Roberto Bolaño, “Playa”, in El Mundo*, 17/Agosto/2000 [tradução: AMC, 2009]

*série de contos escritos por vários autores subordinados ao tema “O pior Verão da minha vida” e publicados no Verão de 2000 no jornal espanhol El Mundo. Para além de Bolaño participarem neste desafio escritores como Zoé Valdés, Francisco Umbral, Eduardo Mendicutti, Manuel Hidalgo, Juan Marsé, Ignacio Padilla, Lucía Etxebarria, Guillermo Cabrera Infante, José Ovejero, entre outros.

A habitual citação dominical foi substituída pela “citação completa” de um conto de Bolaño, publicado em 2000 no mencionado jornal espanhol. A sua pertinência deve-se à habitual especulação necrófaga sobre a vida de um determinado autor que se destacou em vida pela excelência da sua literatura. Foi assim com Hemingway, tentaram fazê-lo com Henry James, e iniciou-se agora a campanha de esquadrinhamento da vida privada de Bolaño.
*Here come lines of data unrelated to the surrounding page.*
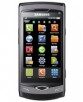 samsung-wave-s8500-1-83x102-2281952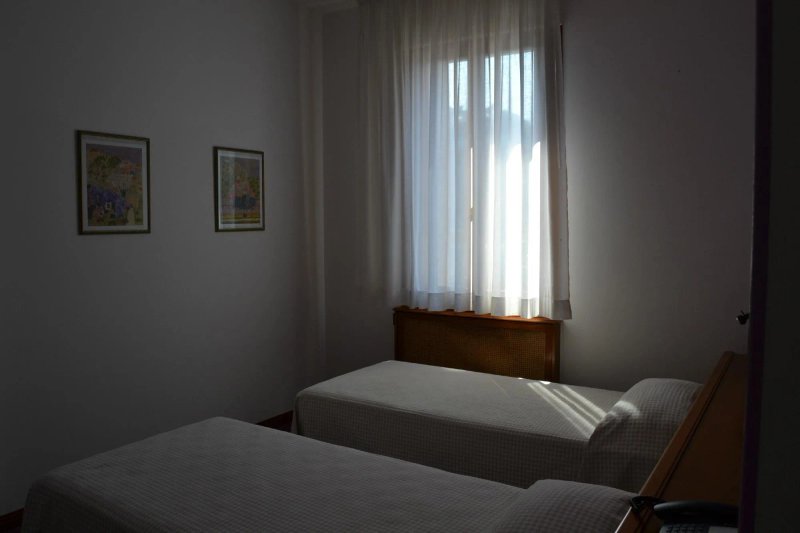 Hotel Cima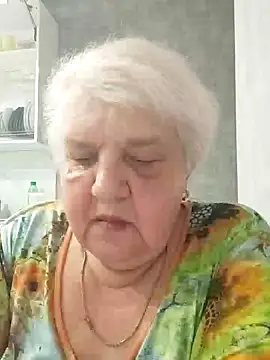 Snapshot of HapinessLovee chatting on 05-21-26, 04:47 HapinessLovee online show from 05-21-26, 04:47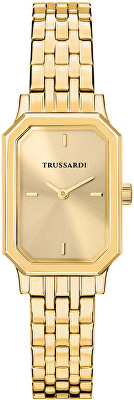 Trussardi - T-Brera R2453179501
Com este conto, alguns biógrafos de pacotilha vêem nele um ex-heroinómano, que lutou anos contra o seu vício quinciano. Outros investigam ainda possibilidade de Bolaño não ter estado no Chile a 11 de Setembro de 1973 – como o autor insistentemente afirmava nos seus escritos –, quando se deu o Golpe de Estado de Augusto Pinochet contra o Presidente socialista Salvador Allende. Logo a sua famosa prisão por uma semana acusado de ser terrorista foi uma farsa. E hão-de continuar. Mais episódios surgirão independentemente da vontade da família, dos seus amigos e editores.